The man page has been recently edited to avoid confusion:


Q9 Do I need to continuously read/write a file descriptor until
EAGAIN when using the EPOLLET flag (edge-triggered behavior) ?

A9 Receiving an event from epoll_wait(2) should suggest to you
that such file descriptor is ready for the requested I/O operation.
You must consider it ready until the next (non-blocking) read/write
yields EAGAIN. When and how you will use the file descriptor is
entirely up to you.
For packet/token-oriented files (e.g., datagram socket, terminal
in canonical mode), the only way to detect the end of the read/write
I/O space is to continue to read/write until EAGAIN.

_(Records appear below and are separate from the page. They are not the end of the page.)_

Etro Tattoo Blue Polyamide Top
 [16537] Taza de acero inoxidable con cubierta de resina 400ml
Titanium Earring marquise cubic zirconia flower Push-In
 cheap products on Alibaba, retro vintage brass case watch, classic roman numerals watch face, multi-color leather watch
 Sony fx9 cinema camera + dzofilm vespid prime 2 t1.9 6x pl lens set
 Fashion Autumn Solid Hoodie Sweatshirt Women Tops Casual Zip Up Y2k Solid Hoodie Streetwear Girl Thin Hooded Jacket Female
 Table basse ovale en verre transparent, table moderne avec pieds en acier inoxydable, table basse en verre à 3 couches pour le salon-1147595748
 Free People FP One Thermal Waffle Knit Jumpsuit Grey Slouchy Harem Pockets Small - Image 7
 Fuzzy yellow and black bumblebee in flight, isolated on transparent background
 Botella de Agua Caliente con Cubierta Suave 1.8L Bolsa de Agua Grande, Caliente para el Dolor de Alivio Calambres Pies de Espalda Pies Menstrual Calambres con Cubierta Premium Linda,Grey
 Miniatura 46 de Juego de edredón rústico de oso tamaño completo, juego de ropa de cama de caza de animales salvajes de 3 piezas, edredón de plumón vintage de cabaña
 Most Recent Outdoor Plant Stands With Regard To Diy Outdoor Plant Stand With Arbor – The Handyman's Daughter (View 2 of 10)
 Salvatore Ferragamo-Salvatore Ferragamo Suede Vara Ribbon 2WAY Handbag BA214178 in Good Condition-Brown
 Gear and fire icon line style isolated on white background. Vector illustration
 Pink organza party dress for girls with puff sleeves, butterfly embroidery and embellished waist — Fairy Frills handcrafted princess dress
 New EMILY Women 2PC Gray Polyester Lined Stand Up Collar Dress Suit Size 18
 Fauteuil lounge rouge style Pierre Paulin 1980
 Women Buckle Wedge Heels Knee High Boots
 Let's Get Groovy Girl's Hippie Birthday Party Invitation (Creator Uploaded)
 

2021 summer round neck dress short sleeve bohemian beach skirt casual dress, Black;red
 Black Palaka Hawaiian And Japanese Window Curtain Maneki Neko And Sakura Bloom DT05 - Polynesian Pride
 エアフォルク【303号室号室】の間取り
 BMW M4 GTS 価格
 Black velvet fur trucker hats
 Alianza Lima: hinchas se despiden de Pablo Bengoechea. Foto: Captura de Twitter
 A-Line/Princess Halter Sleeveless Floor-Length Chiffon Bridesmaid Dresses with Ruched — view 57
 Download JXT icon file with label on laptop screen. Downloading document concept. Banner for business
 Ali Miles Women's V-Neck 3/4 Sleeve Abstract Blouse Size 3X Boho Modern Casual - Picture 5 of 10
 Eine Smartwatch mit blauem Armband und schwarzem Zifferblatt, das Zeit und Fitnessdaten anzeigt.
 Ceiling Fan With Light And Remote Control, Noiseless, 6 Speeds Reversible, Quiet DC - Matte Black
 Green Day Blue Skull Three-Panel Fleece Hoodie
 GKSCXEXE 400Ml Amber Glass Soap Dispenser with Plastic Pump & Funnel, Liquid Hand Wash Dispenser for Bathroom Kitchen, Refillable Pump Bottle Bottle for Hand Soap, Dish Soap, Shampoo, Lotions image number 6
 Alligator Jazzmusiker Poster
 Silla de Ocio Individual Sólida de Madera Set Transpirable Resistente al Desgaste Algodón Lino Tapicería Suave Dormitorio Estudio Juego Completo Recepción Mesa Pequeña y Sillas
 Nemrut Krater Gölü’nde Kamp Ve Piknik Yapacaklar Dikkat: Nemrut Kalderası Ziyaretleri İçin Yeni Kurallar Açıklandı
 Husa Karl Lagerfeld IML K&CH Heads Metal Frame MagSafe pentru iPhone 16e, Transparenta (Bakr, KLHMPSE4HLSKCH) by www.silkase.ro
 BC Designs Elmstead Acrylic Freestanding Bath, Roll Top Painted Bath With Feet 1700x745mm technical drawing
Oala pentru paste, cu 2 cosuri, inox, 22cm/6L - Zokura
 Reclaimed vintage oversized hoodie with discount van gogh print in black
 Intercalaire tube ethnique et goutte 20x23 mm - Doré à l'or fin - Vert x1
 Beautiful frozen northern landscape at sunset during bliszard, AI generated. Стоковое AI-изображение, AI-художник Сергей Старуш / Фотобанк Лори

For stream-oriented files (e.g., pipe, FIFO, stream socket), the
condition that the read/write I/O space is exhausted can also be
detected by checking the amount of data read from / written to the
target file descriptor. For example, if you call read(2) by asking to
read a certain amount of data and read(2) returns a lower number
of bytes, you can be sure of having exhausted the read I/O space for
the file descriptor. The same is true when writing using write(2).
(Avoid this latter technique if you cannot guarantee that the
monitored file descriptor always refers to a stream-oriented file.)